* Extracted records:
------------------------------
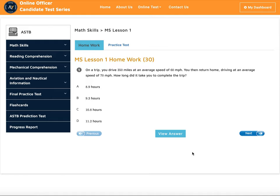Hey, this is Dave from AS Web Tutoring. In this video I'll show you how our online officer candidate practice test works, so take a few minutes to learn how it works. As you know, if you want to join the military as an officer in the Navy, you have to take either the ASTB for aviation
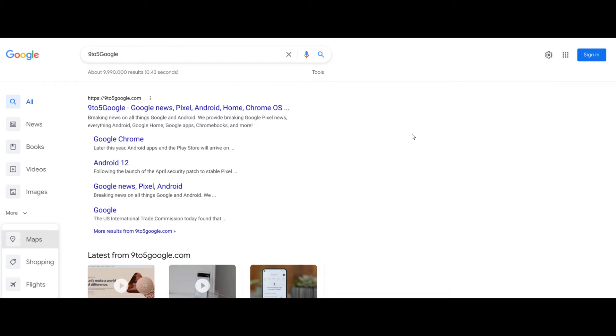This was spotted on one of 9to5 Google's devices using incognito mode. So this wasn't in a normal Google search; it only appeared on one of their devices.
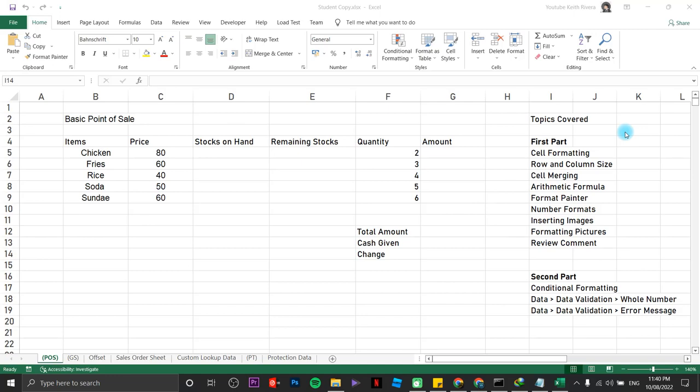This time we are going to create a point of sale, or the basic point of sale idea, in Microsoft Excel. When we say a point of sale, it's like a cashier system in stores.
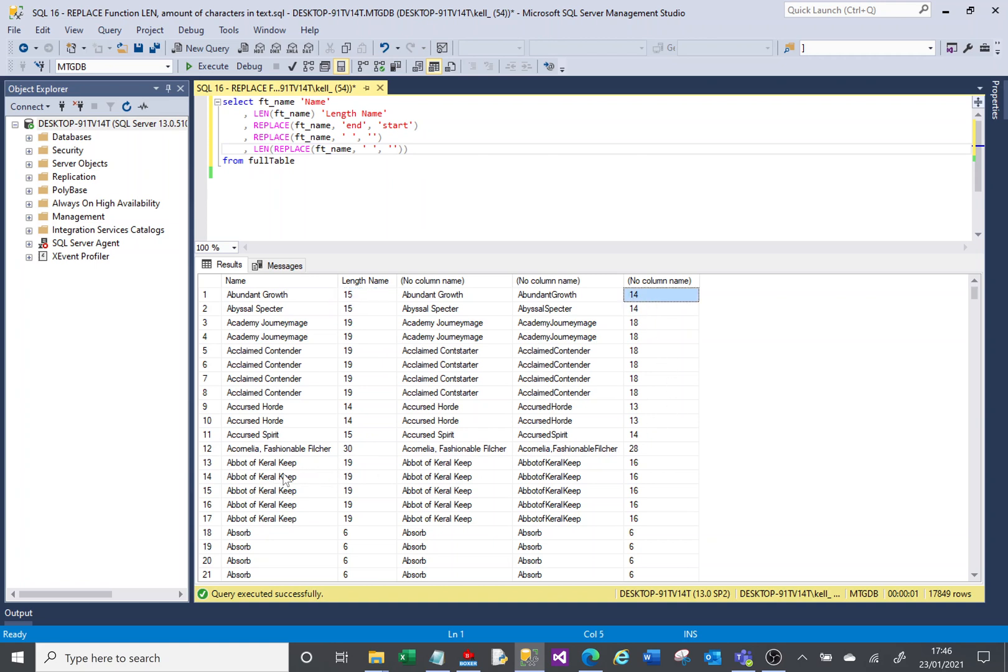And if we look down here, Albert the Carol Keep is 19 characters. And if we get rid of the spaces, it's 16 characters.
------------------------------
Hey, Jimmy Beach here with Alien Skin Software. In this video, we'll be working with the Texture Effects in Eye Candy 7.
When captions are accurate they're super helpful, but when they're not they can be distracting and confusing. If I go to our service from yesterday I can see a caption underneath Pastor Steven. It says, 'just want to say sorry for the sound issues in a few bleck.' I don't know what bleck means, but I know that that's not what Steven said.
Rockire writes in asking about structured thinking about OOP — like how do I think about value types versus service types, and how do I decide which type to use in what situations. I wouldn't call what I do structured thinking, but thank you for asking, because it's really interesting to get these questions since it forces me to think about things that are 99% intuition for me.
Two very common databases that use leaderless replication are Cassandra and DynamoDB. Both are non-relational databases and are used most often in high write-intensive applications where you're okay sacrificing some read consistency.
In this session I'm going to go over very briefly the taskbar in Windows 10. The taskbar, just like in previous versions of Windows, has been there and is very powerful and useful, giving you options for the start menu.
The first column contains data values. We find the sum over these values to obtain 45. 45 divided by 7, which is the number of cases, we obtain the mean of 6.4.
------------------------------
* Your task:
Where the listing above reaches the line that contains "In this session", start retyping, and finish with the line that contains "The first column"; reproduce those lines exactly and no others.

* Answer to this problem:
In this session I'm going to go over very briefly the taskbar in Windows 10. The taskbar, just like in previous versions of Windows, has been there and is very powerful and useful, giving you options for the start menu.
The first column contains data values. We find the sum over these values to obtain 45. 45 divided by 7, which is the number of cases, we obtain the mean of 6.4.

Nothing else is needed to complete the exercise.